Entro buscando espantar la soledad, como si la soledad tuviera las costumbres de una mosca. Pero no, es más persistente y más grande. "Es un mal lugar" pienso. Pero decido quedarme aquí y no salir por donde entré, para evitar un ademán que le sumaría a mi aspecto solitario un aire de animal desorientado que prefiero no presumir. No hoy. Entonces elijo la barra, frente a la plancha. El paisaje es más estimulante: los colores de los pescados, la masa de arroz, los racimos verdes. Del techo cuelga disecado un pez globo. Puedo imaginar cómo llegó ahí si recorro el camino que lo trajo de la red a la mesa de un taxidermista casero.
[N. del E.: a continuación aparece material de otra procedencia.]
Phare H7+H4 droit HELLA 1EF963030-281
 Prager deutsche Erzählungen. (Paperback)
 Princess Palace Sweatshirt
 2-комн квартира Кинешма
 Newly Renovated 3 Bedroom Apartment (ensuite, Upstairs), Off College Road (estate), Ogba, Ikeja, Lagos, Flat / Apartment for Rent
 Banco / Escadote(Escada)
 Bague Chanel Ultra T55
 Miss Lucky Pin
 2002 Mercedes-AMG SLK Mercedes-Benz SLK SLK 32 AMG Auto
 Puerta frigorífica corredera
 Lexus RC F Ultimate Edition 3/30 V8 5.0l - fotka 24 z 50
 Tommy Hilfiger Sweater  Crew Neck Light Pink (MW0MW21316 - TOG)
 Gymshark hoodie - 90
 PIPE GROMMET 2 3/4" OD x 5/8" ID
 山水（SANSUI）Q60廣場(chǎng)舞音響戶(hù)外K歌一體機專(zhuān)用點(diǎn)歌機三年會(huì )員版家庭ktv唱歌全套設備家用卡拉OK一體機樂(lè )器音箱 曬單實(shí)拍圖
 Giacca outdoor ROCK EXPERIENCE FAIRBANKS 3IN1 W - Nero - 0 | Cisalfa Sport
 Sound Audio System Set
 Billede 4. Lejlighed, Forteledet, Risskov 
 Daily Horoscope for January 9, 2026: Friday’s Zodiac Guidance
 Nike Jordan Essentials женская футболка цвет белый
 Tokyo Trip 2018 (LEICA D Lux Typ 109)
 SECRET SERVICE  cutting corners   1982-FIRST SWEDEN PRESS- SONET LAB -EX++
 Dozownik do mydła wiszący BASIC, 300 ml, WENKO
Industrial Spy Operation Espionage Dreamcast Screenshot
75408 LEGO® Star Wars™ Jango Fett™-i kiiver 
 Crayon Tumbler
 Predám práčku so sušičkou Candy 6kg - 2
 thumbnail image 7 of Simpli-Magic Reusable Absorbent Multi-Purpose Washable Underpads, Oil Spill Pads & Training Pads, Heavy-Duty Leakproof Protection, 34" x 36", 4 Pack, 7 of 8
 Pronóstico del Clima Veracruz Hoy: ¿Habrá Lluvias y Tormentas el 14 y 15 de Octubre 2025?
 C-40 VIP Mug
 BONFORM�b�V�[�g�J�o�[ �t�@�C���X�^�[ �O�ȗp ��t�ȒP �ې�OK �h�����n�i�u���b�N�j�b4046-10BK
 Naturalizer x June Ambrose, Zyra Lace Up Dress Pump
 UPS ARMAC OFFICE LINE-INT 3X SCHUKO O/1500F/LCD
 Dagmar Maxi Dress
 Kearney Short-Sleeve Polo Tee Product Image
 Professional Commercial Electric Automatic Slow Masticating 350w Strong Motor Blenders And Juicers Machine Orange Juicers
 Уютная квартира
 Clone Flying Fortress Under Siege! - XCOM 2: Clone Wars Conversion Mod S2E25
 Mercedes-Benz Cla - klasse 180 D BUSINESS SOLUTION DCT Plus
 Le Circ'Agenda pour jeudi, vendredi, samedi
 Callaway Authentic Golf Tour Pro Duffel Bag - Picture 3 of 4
Prefiero la versión que tiene que ver con su nombre, e imagino que acabó en el techo como lo haría el globo de cualquier niño. "Estoy solo" pienso. Busco entonces un interlocutor. El pez globo, imposible: entre otros efectos secundarios, la taxidermia produce en el individuo la incapacidad de tomar parte en cualquier conversación. La ensalada de surimi no parece tener una actitud dispuesta al diálogo. Al medregal, en su condición de filete, le han sido amputadas todas las formas posibles de entablar una charla digna. Se acerca un mesero. "¿Qué le sirvo?" pregunta. "No tengo idea" pienso. "Un salmón asado" contesto. La plática ha sido sustanciosa, pero no lo suficiente como para llenar el vacío que han dejado las horas de silencio. "Sigo solo" pienso. Aún no lo sé, pero la soledad no es algo que se cure con la compañía. Ya lo sabré algún día. Un sonido de brasas sale de la plancha y produce un olor nuevo para mí, un olor salado y blando. Que el olor no me recuerde a nada, no importa, a estas alturas cualquier cosa —incluso lo que no se recuerda— se puede usar como objeto de melancolía. Lo que sigue es llorar.

Vuelve el mesero. Acerca un par de palillos y una toalla caliente. Frente a mí deja una botella de salsa de soya. "Soy sauce" dice la botella. "Yo también" pienso.